(I)
Son yıllarda yapılan seçim sonuçlarından da esinlenerek CHP’nin potansiyel oyunun yüzde 25 olduğu ileri sürülmektedir. Bu savın rakip partiler tarafından desteklenmesi doğaldır. Oy potansiyeli yüzde 25 olan bir partinin TBMM’de çoğunluk sağlama, başkanlık seçimini kazanma olasılığı çok zayıftır. Bu oy oranı ile CHP’nin muhalefette kalmaya mahkûm parti olduğu algısı yaratılmaktadır.

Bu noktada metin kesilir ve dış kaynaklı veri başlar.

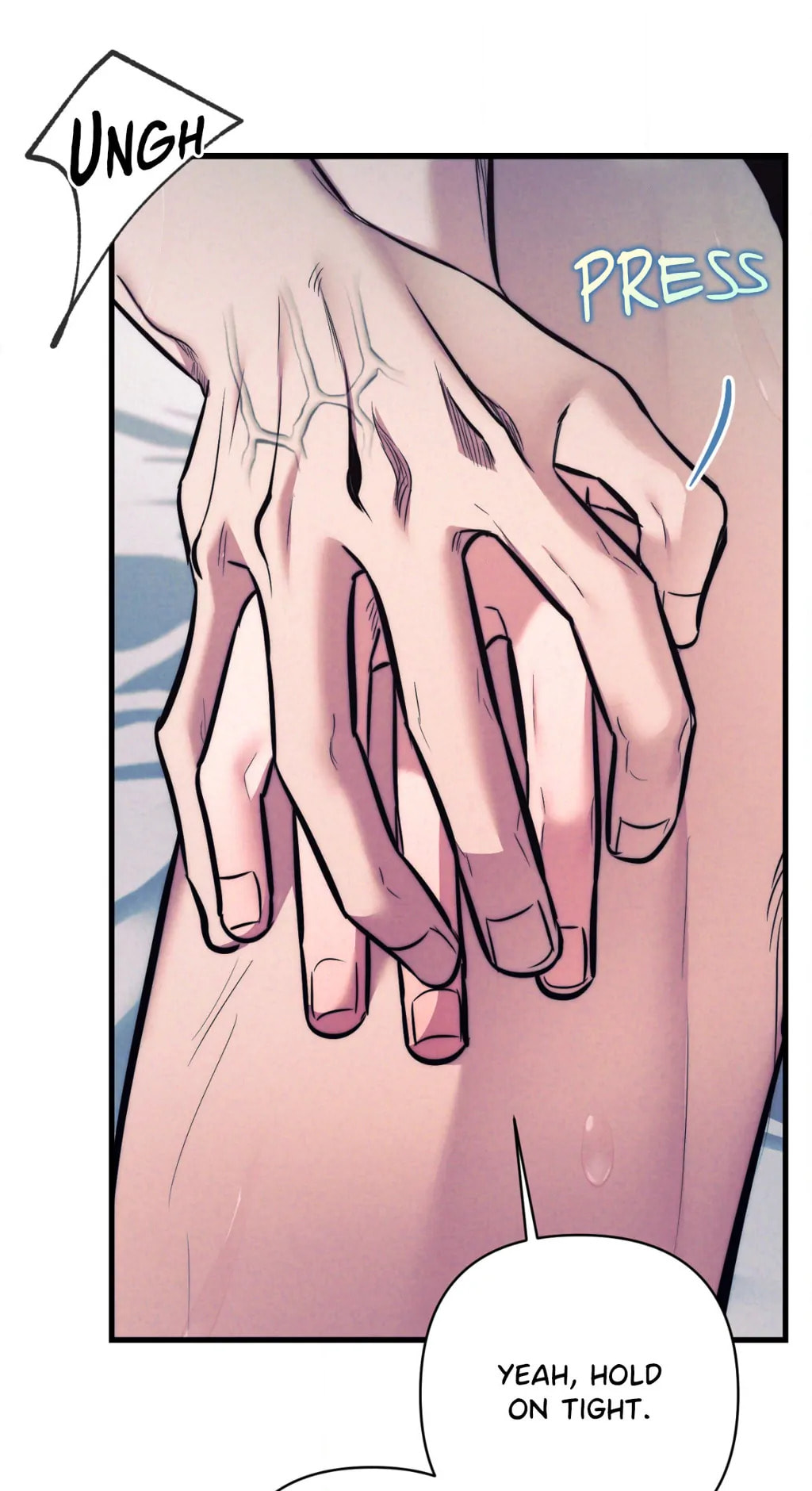 Read Stigma chapter 30 image 12 on Lezhin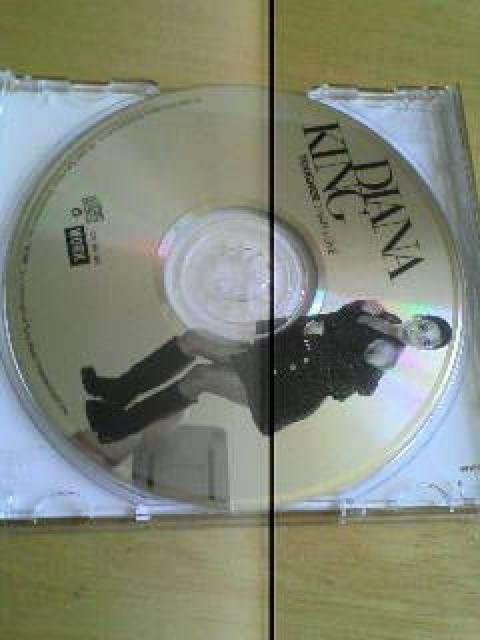CD [Yh A _CAiLO TOUGHER THAN@LOVE  CD/DVD/rfI 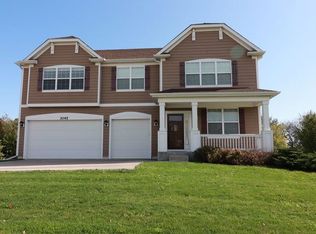 3045 Long Common Pkwy, Elgin, IL 60124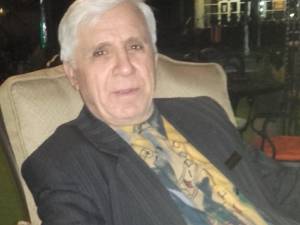 Constantin Chiriac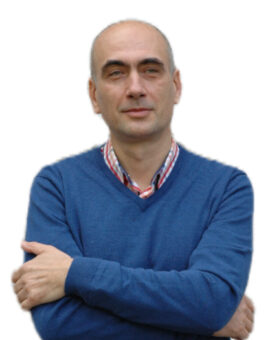 Dragan Damjanović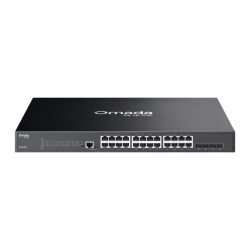 SWITCH TPLINK SG3428MP
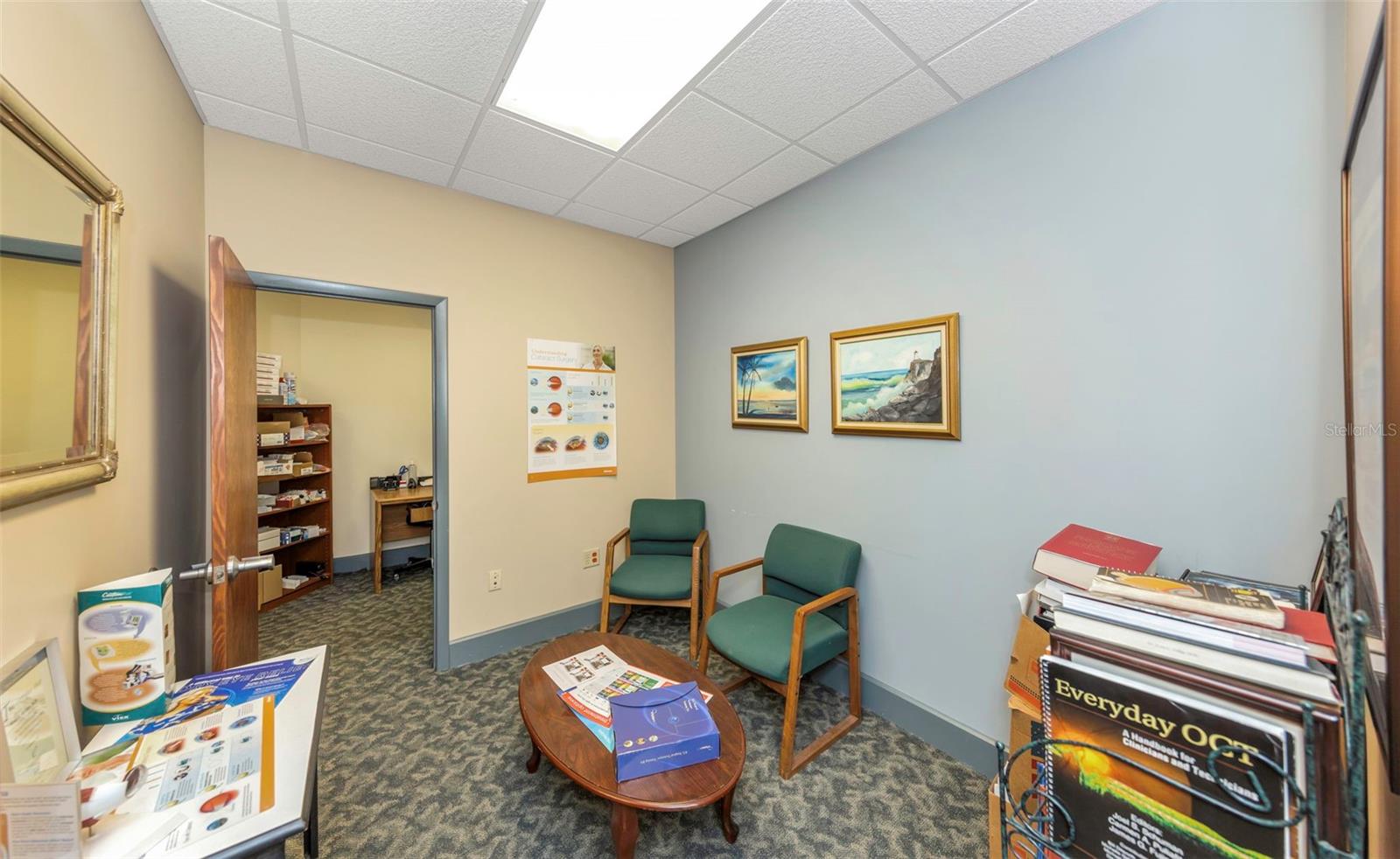 DREW PROFESSIONAL PARK - Commercial Sale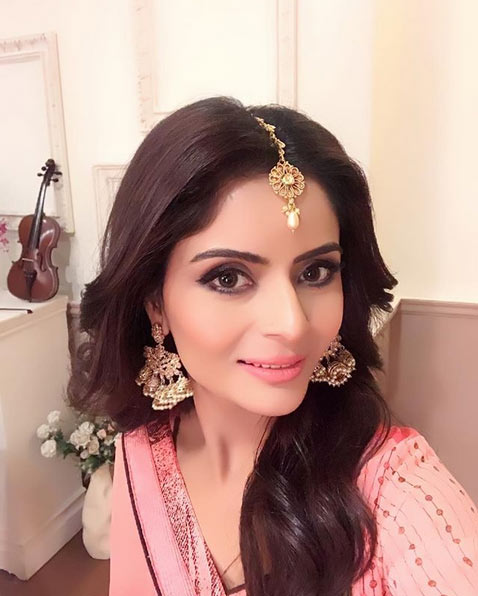 bigg boss 11,Salman Khan,gehana vasisth,wild card contestant,bigg boss news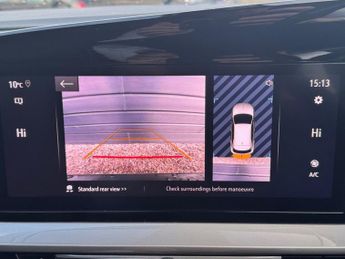 VAUXHALL MOKKA ELECTRIC 50kWh Ultimate SUV 5dr Electric Auto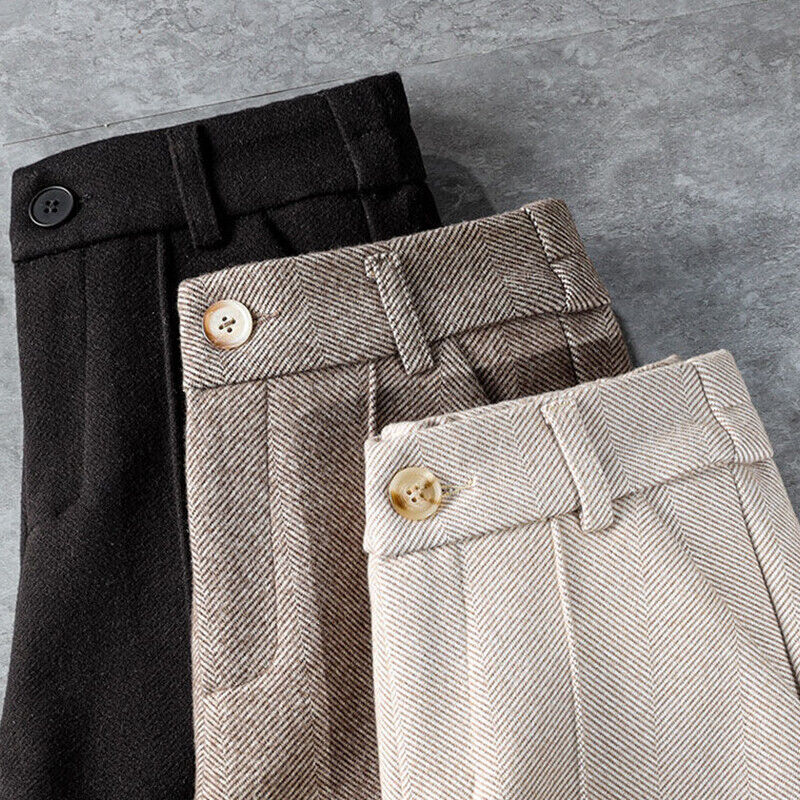 Nessa Pantalon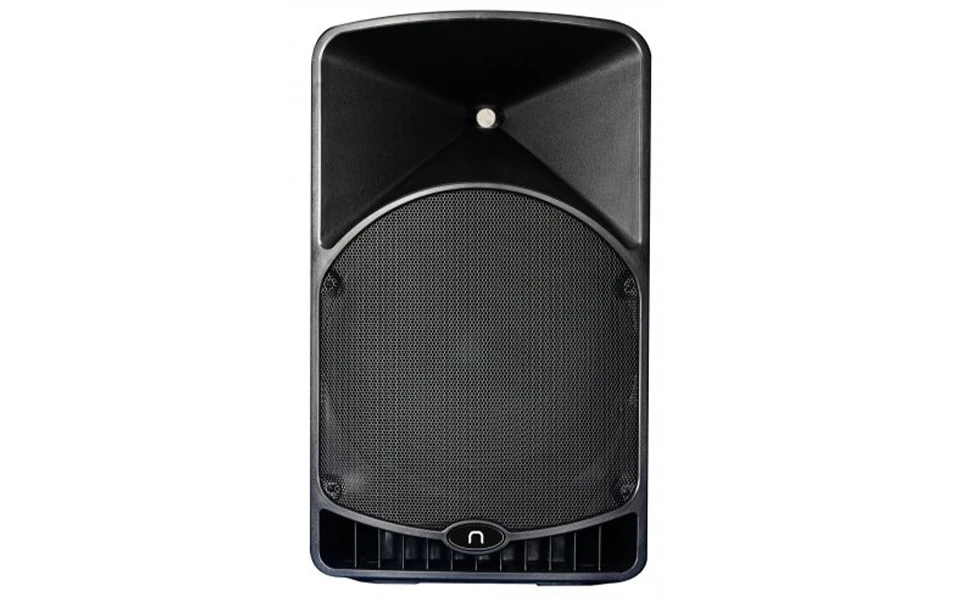 Активна тонколона Novox NV 15, 15", 580W, Bluetooth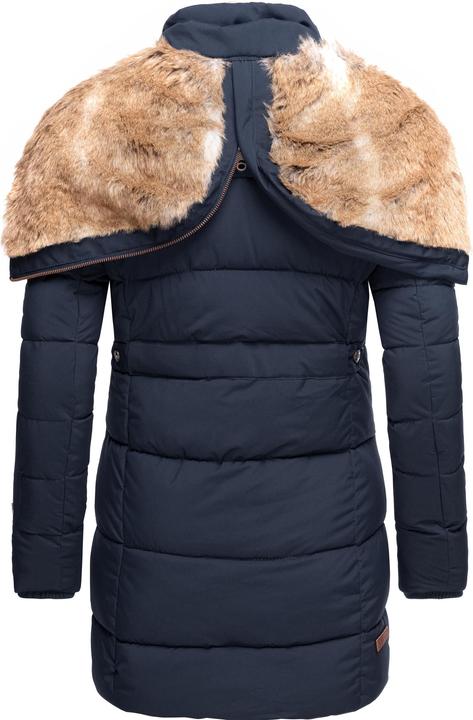 Actual product image Marikoo Favourite jacket (XXL)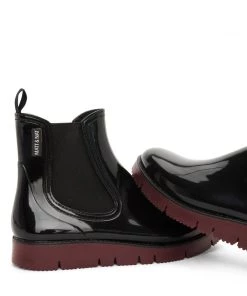 Mattnat Footwear CHELZ Vegan Rain Boots 23 Mattnat Footwear CHELZ Vegan Rain Boots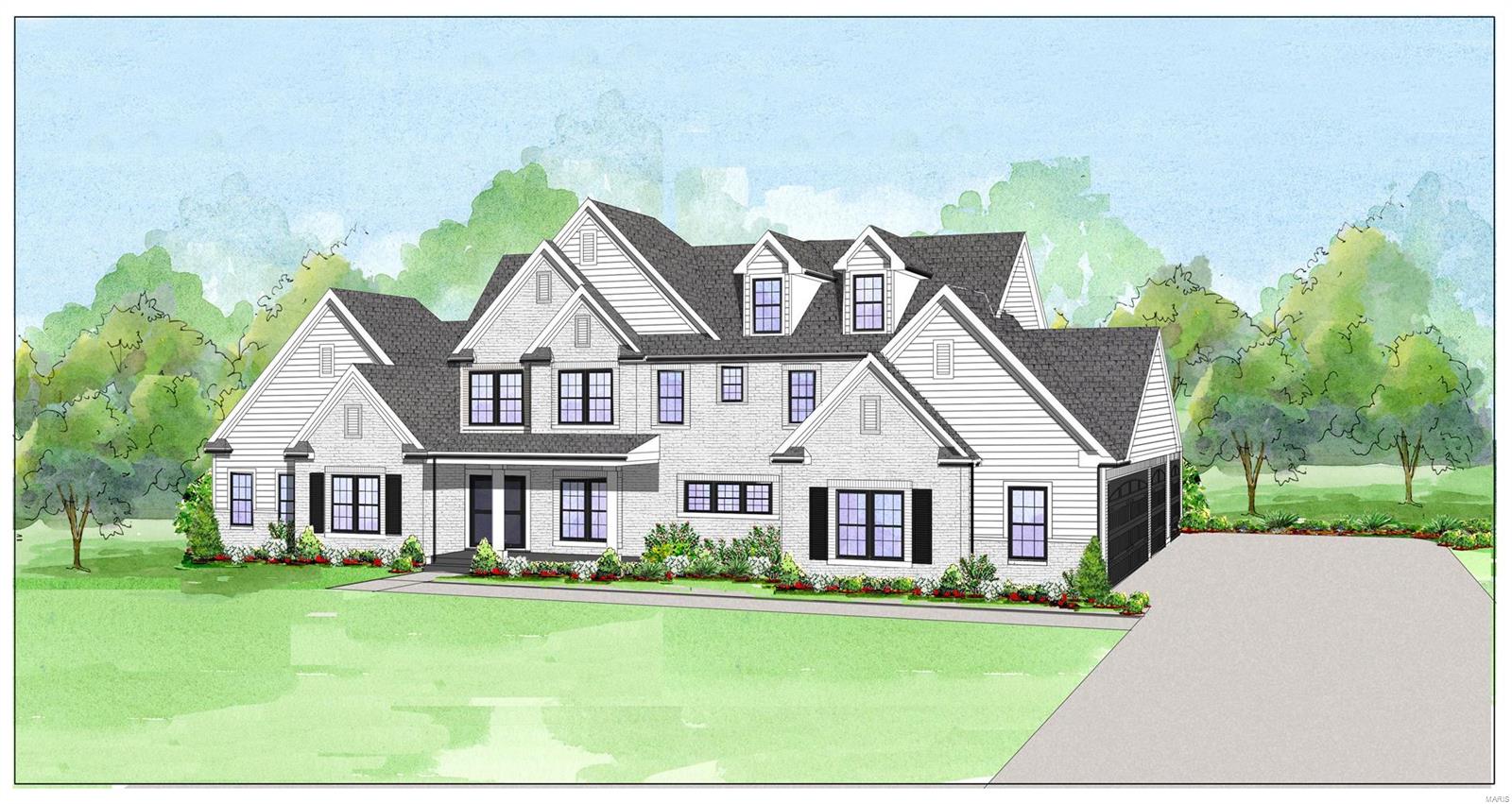 Meadowbrook Country Club Estates - Residential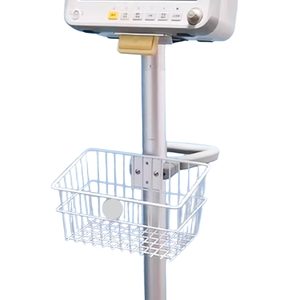MN-RT024 Troli Medis untuk Peralatan Rumah Sakit Monitor Pasien - Product Image 5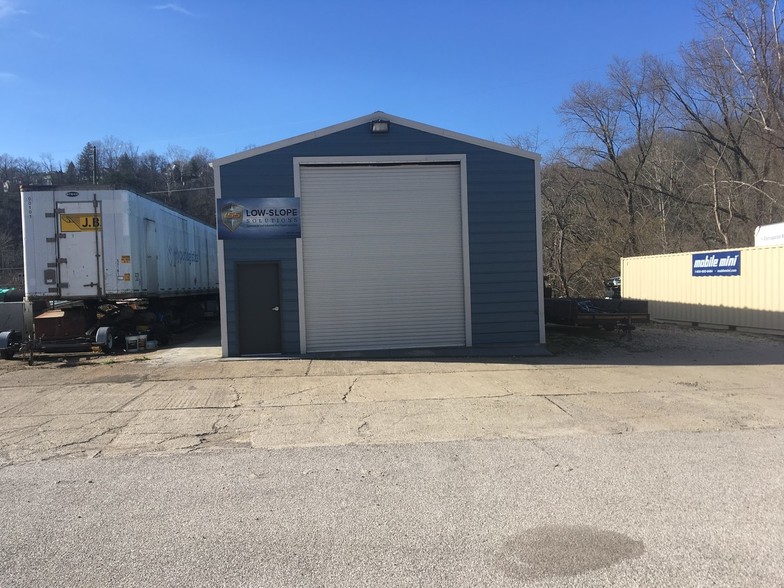 927 Barlow Dr, Charleston, WV for sale - Building Photo - Image 1 of 1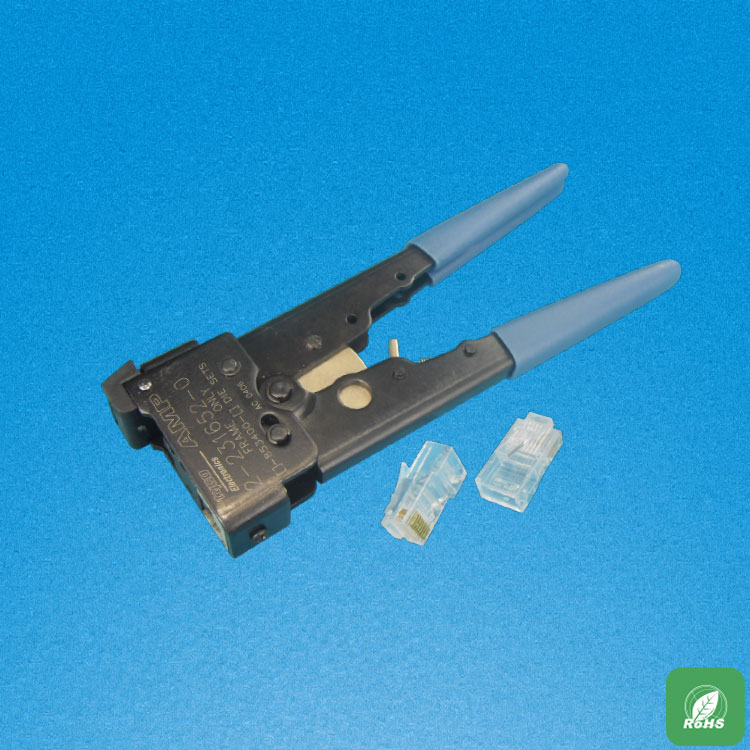 Ampere-Crimpzange   AMP2316
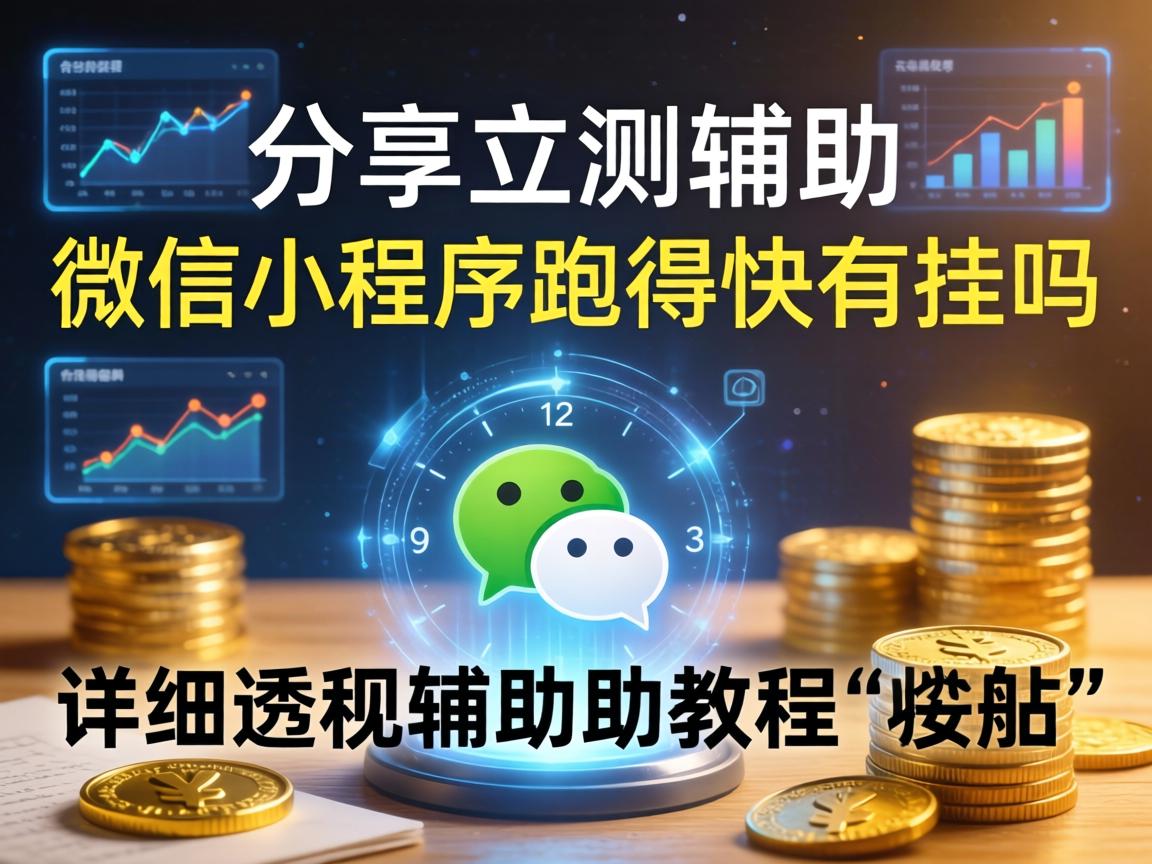 微信小程序跑得快有挂吗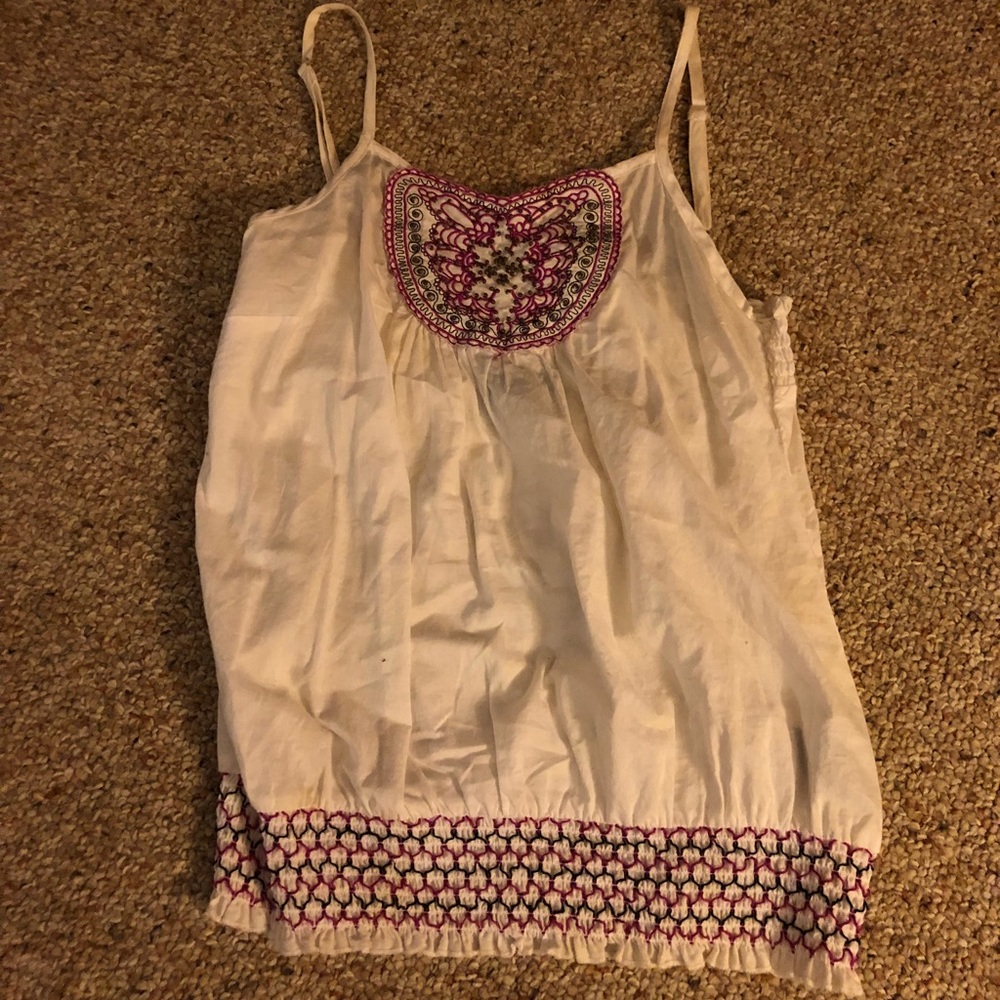 I.N. San Fransisco Tank Top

CHP yönetiminin de yüzde 25 oy sınırını benimsediği izlenimini veren davranış ve açıklamaları olmaktadır. 2002 sonrası rakip bir parti olmamasına, her alanda başarısız bir iktidara karşı oy oranının yüzde 25 düzeyini aşamaması, CHP yönetimine hoşgörülebilir bir özür sağlamakta, CHP’nin çekirdek oyu bu kadar gerekçesiyle, esnekleşme, sağa açılma, ittifaklar gerekli stratejisi izleme olanağını vermektedir. Gerçekten CHP’nin çekirdek oyu yüzde 25 midir? Bu savın 1950 sonrası seçim sonuçları dikkate alınarak irdelenmesi gerekir.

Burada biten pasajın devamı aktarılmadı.